Fri, Aug 15, 2003 - Page 8 News List

Make national security a priority

By Chen Shih-min 陳世民

Most of the Pentagon's latest Annual Report on the Military Power of the People's Republic of China to Congress, published on July 30, remains the same as last year's report. In addition to pointing out in its estimate of China's strength that Beijing has increased the number of missiles aimed at Taiwan to 450, the main difference is that it stresses that Taiwan's "will to resist" is crucial to the question of whether a Chinese attack will be successful.

The report points out that, for China's coercive strategy towards Taiwan to be successful, "perhaps the most important factor is the degree to which Taiwan's leaders and populace perceive themselves to be different and separate from the mainland. Will they perceive that there is something real and significant to be protected by resisting the PRC?"

In last year's report, the US believed that "perhaps the most important factor is the nature of the demands that Beijing imposes. If Beijing's demands [for granting Taiwan autonomy] are limited, then the threshold at which Taiwan would be willing to [give up its resistance and] negotiate may be lower." This year, how-ever, that factor was listed third, after the second factor, "Taiwan's assessment whether the US will assist in deterring and defeating PRC coercion."

The US clearly believes that current differences in domestic opinion in Taiwan severely affects its national security and that China is using this factor to divide the country.

As it did last year, the US states that China may already have gradually abandoned its past search for a method to militarily invade and occupy Taiwan in favor of a coercive strategy which stresses that Taipei should be forced to capitulate during the early days [of an invasion], before the US has come to the aid of Taiwan, so that China would never have to engage in ground warfare in Taiwan. In other words, the use of a wide-ranging, total solution consisting of military, political and economic means to create a comprehensive coercive force in order to send Taiwan the signal that resistance is futile and that des-truction or capitulation are the only two choices.

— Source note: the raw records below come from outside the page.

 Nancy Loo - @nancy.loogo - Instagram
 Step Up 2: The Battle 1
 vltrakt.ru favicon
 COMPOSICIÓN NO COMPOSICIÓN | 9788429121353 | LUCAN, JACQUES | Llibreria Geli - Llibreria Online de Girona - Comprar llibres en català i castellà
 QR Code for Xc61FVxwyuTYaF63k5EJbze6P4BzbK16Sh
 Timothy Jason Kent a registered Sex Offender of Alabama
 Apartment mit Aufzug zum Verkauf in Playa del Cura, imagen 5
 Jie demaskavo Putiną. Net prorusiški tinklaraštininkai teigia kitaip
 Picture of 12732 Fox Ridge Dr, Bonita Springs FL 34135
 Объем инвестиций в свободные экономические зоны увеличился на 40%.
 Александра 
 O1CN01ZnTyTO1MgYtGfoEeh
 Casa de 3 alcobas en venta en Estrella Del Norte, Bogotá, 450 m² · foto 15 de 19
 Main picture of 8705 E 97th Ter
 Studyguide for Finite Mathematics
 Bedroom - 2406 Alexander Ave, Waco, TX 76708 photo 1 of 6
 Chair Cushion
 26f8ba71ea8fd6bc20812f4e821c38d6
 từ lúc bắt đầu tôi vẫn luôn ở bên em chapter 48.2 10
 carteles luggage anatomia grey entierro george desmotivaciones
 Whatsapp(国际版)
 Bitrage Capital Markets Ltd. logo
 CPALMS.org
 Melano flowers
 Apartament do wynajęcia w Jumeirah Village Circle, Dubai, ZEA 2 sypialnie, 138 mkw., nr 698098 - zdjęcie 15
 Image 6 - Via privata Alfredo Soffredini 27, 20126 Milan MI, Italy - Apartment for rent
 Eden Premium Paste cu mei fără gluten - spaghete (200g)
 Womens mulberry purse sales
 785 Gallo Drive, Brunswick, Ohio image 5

Beijing's main target is Tai-wan's leadership and its military and their will to resist. It aims to use the most economical method to achieve the greatest political benefit. The report also believes that China's assessment of Tai-wan's will to resist is crucial to the decision of whether or not Beijing will initiate an attack.

There are two aspects to this strategy. China may, without prior notice, take advantage of an initial surprise attack, deceiving and frightening the people of Taiwan, thus forcing the country to quickly give up any resistance. Methods would include missile and air attacks, information warfare and a sea blockade. Special forces, such as an amphibious-striking force or paratroopers, would rapidly occupy or destroy key facilities, causing the the nation's military to lose its will to resist.

"The PLA also could adopt a decapitation strategy, seeking to neutralize Taiwan's political and military leadership on the assumption that their successors would adopt policies more favorable to Beijing," the report said.

During the war in Iraq earlier this year, the US' scare tactics and decapitation strategy caused a rapid collapse in the will to resist of former president Saddam Hussein's government and therefore its defeat. This may have increased China's confidence in the use of such coercive strategies.